◆ **THE TASK**
Whatever lies between the line with "- Publicité Thermacell" and the end of the data, both included, must be copied exactly and without pictures.

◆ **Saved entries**
::::::::
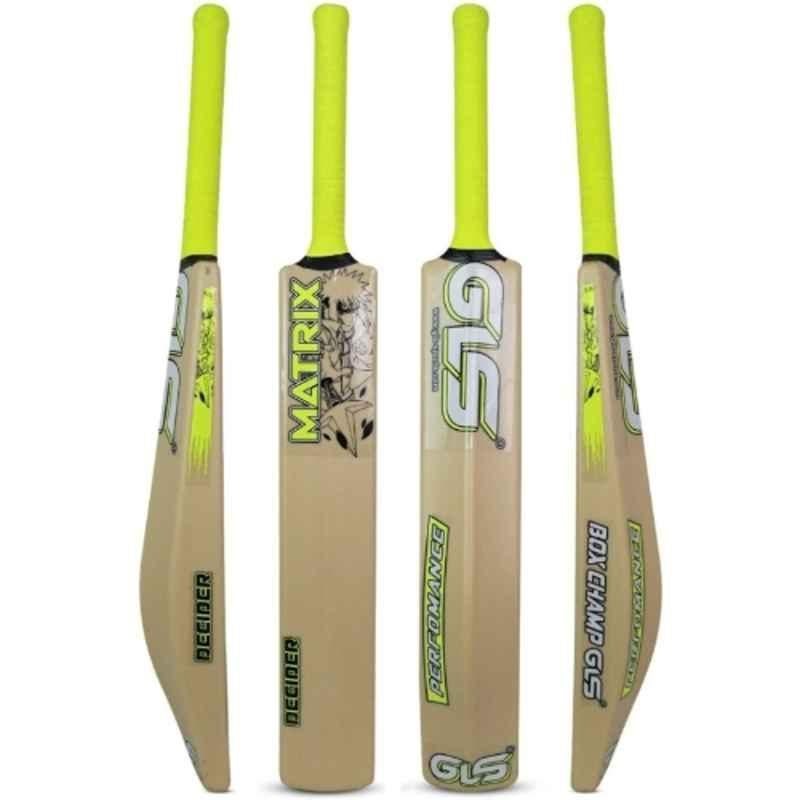 GLS Matrix 800-850g PVC Full Size Beige & Yellow Full Size Cricket Bat for Age 15+ Years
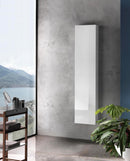 Mobile da Bagno a Colonna 1 Anta in Melaminico 35x18x160cm TFT Palma Bianco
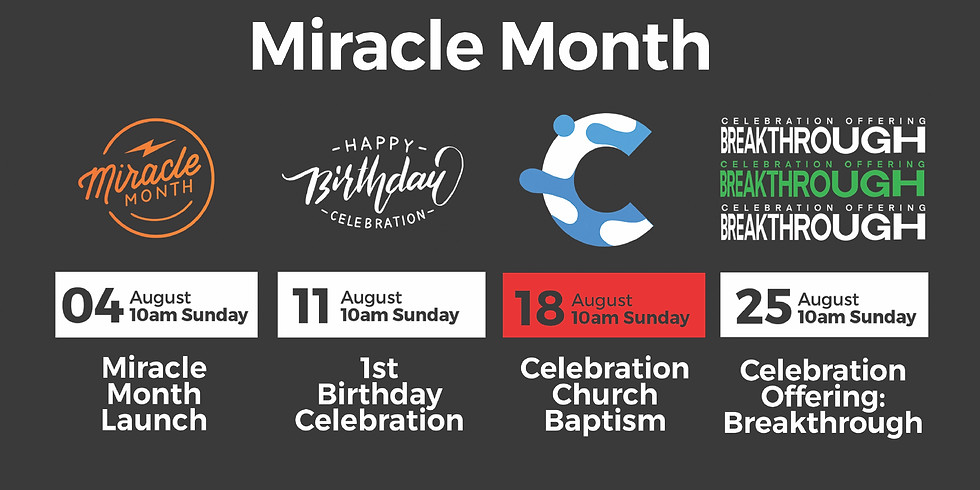 Miracle Month: Baptisms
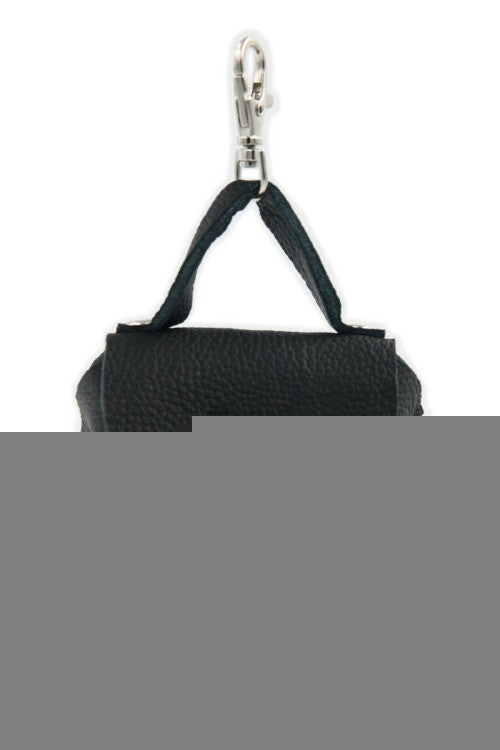 Leather Dog Waste Bag Dispenser Bellissima – Black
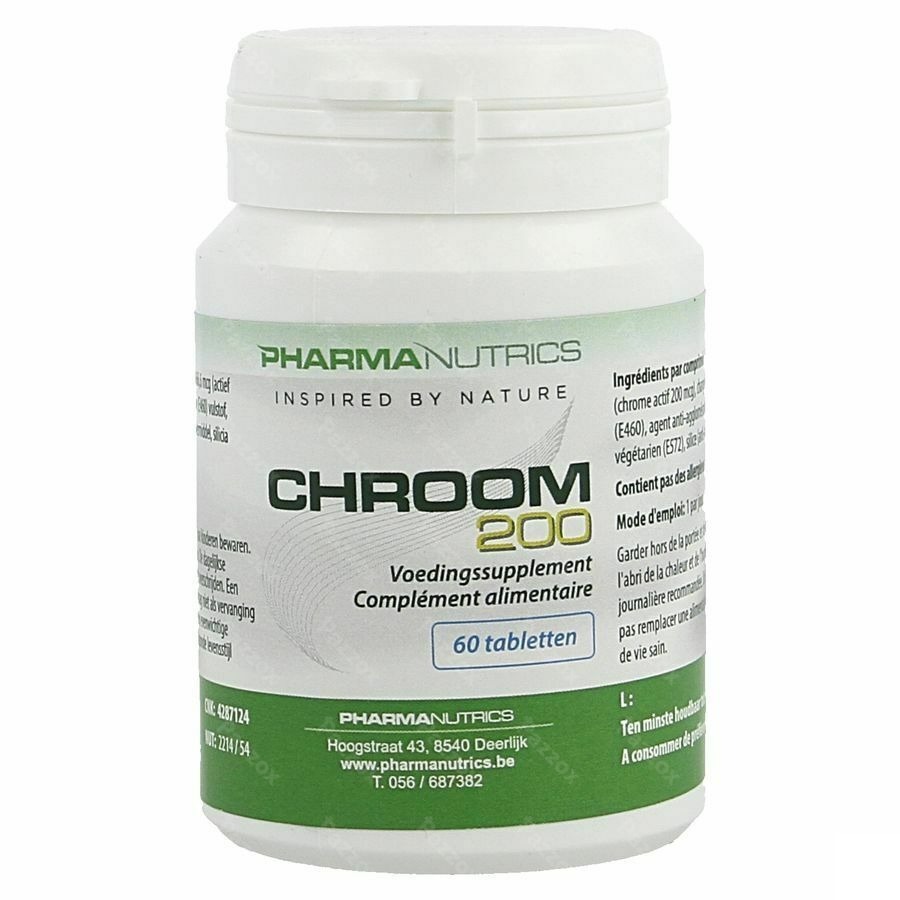 Chrome Picolinate 200 Tabl 60 Pharmanutrics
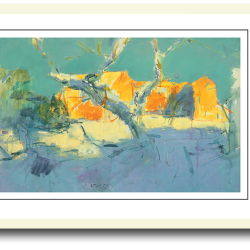 Oluf Hst plakat 30x40cm i ramme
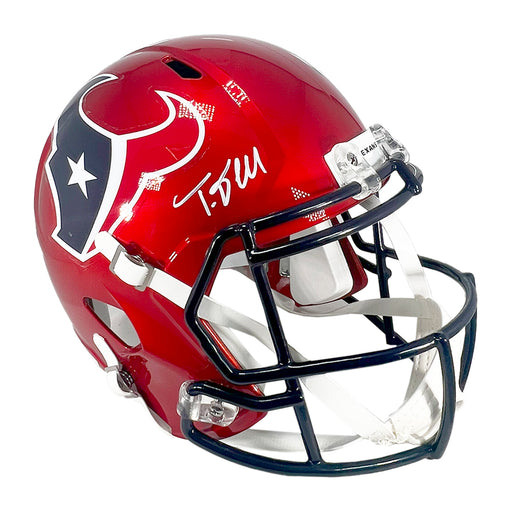 Tank Dell Signed Houston Texans Alternate 2022 Speed Full-Size Replica Football Helmet (JSA)
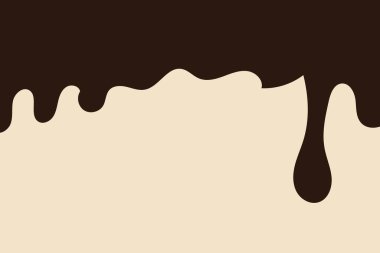 Çikolata arka planda kalıyor. Vektör illüstrasyonu.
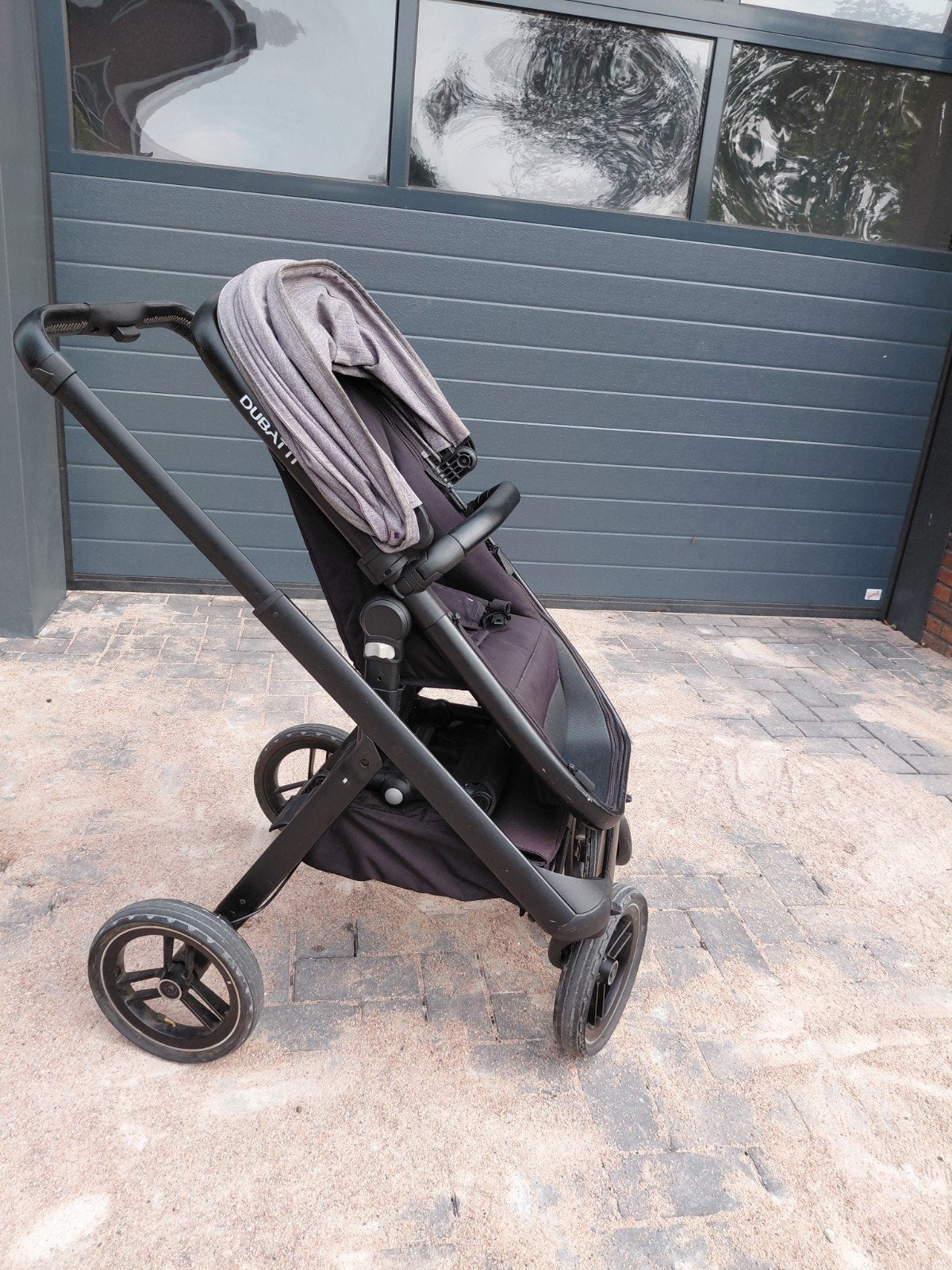 Dubatti kinderwagen met zitje en reiswieg en accessoires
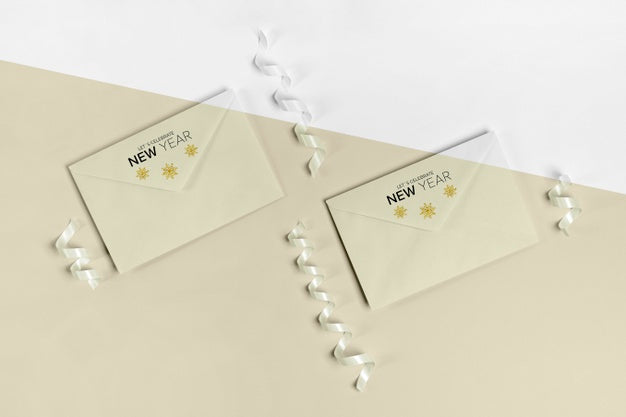 Envelope With Invitation Card Mock-Up Psd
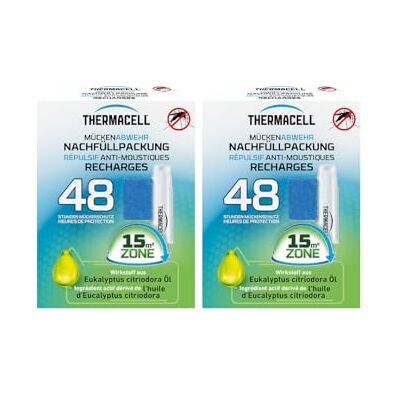Thermacell 2 Recharges Répulsives Anti Moustiques 15m² 96h - Publicité Thermacell 2 Recharges Répulsives Anti Moustiques 15m² 96h - Publicité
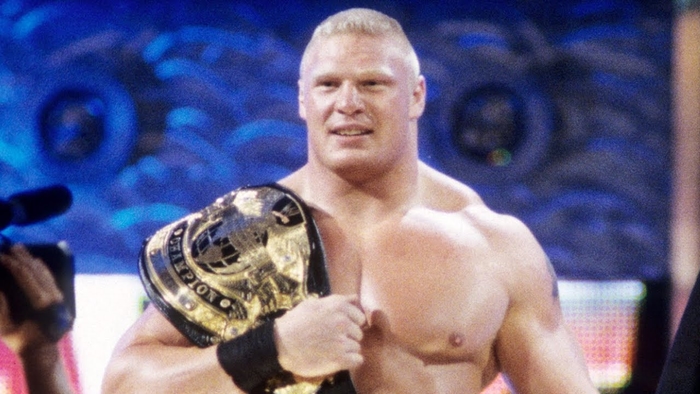 Brock Lesnar's first entrances as WWE Champion: Raw, Aug. 26, 2002 - YouTube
::::::::
◆ **REPLY**
Thermacell 2 Recharges Répulsives Anti Moustiques 15m² 96h - Publicité Thermacell 2 Recharges Répulsives Anti Moustiques 15m² 96h - Publicité
 Brock Lesnar's first entrances as WWE Champion: Raw, Aug. 26, 2002 - YouTube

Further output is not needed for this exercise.